§ WORK TASK
Below are records; extract exactly the lines from the one with "画像ギャラリー No.008のサムネイル画像 /" through the final line, including both, but drop the pictures.

§ DATA SUPPLIED
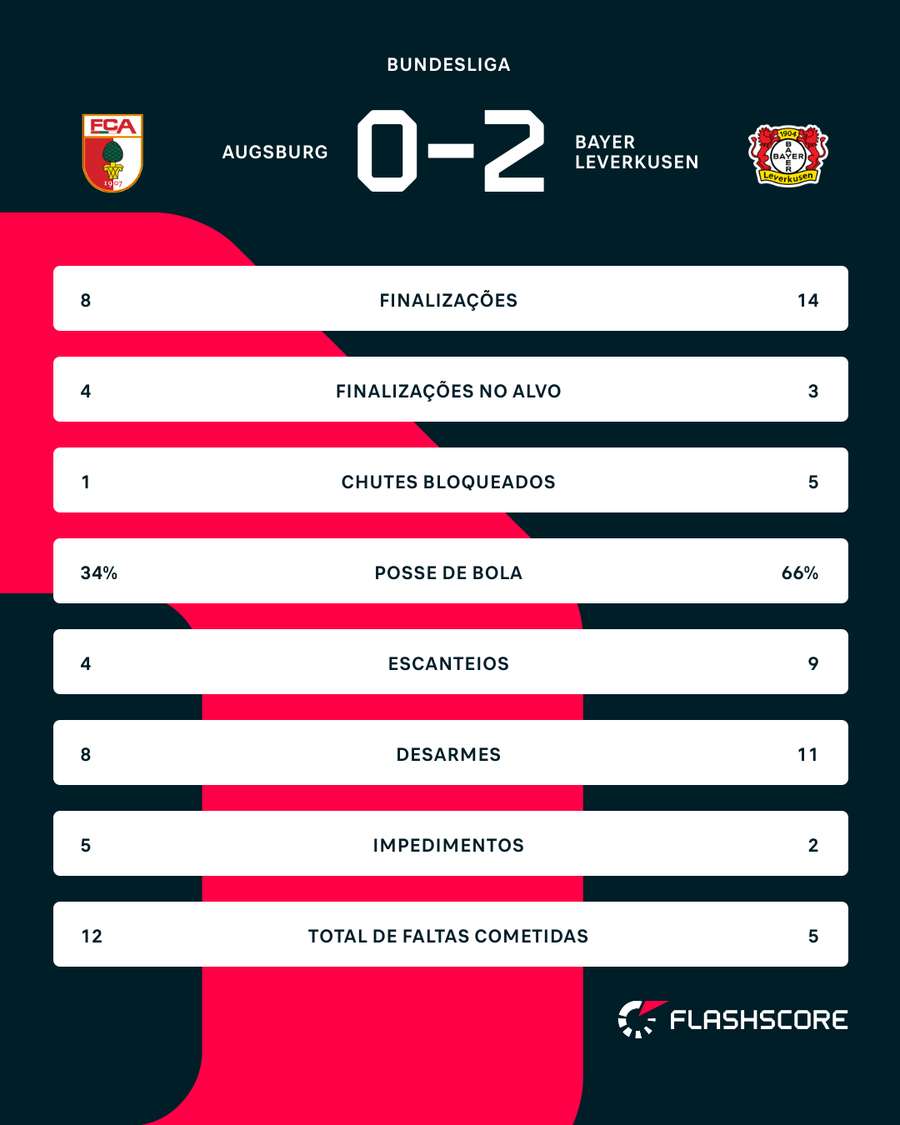 Números do jogo Números do jogo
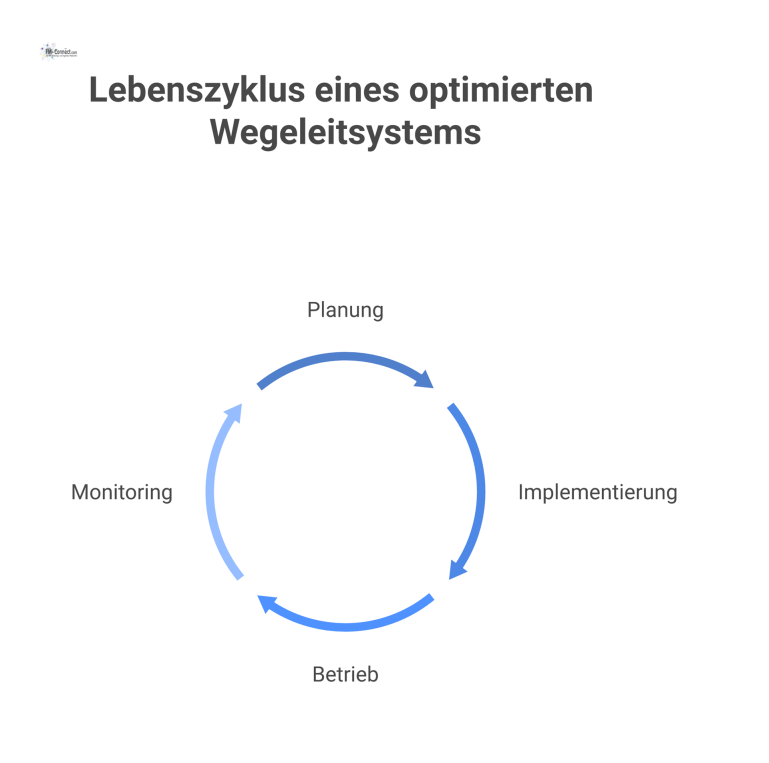 Kreislauf-Diagramm des Lebenszyklus für ein Wegeleitsystem mit den vier Phasen: Planung, Implementierung, Betrieb und Monitoring um einen digitalen Prozess.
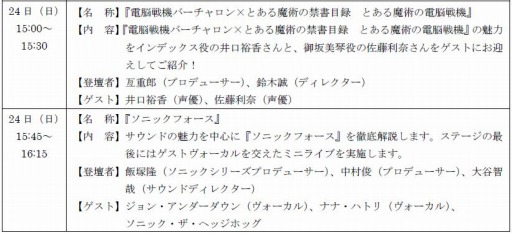 画像ギャラリー No.008のサムネイル画像 / セガゲームス，「TGS 2017 セガゲームスステージ生放送！」の詳細を公開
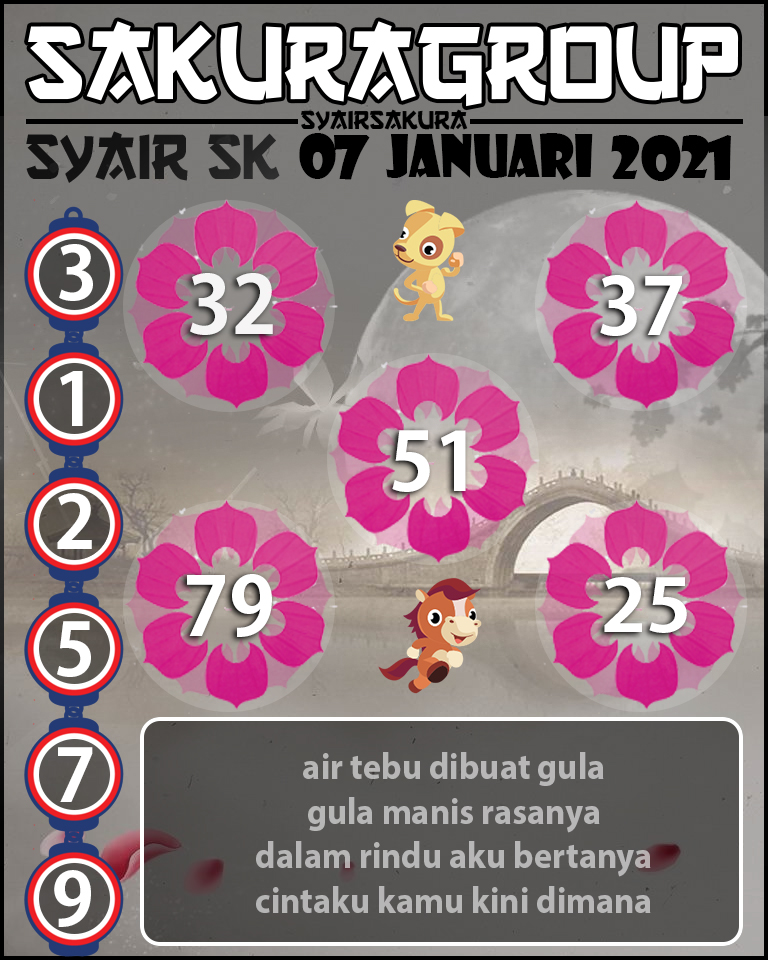 SYAIR TOGEL SLOVAKIA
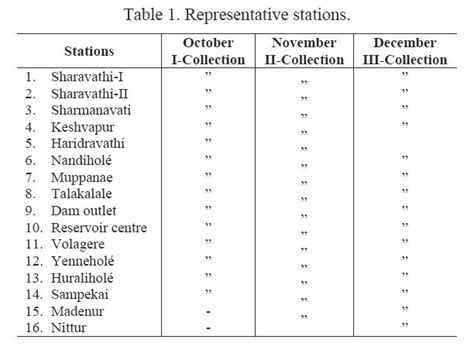 Materials and Methods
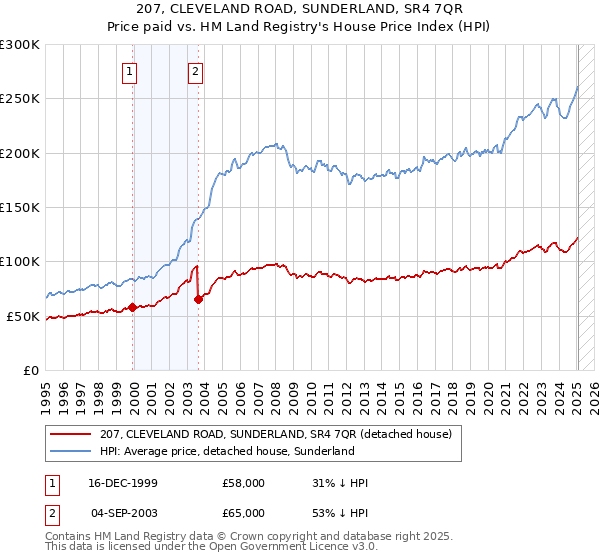 207, CLEVELAND ROAD, SUNDERLAND, SR4 7QR: Price paid vs HM Land Registry's House Price Index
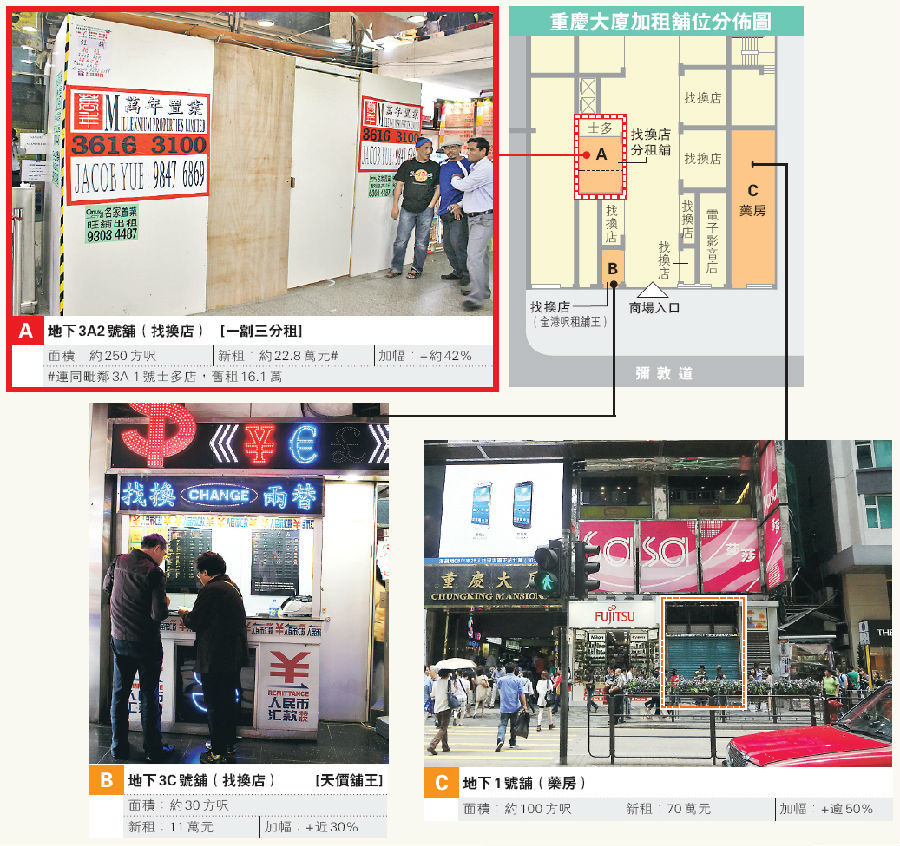 ■重慶大廈找換店一劏三分租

§ TASK ANSWER
 画像ギャラリー No.008のサムネイル画像 / セガゲームス，「TGS 2017 セガゲームスステージ生放送！」の詳細を公開
 SYAIR TOGEL SLOVAKIA
 Materials and Methods
 207, CLEVELAND ROAD, SUNDERLAND, SR4 7QR: Price paid vs HM Land Registry's House Price Index
 ■重慶大廈找換店一劏三分租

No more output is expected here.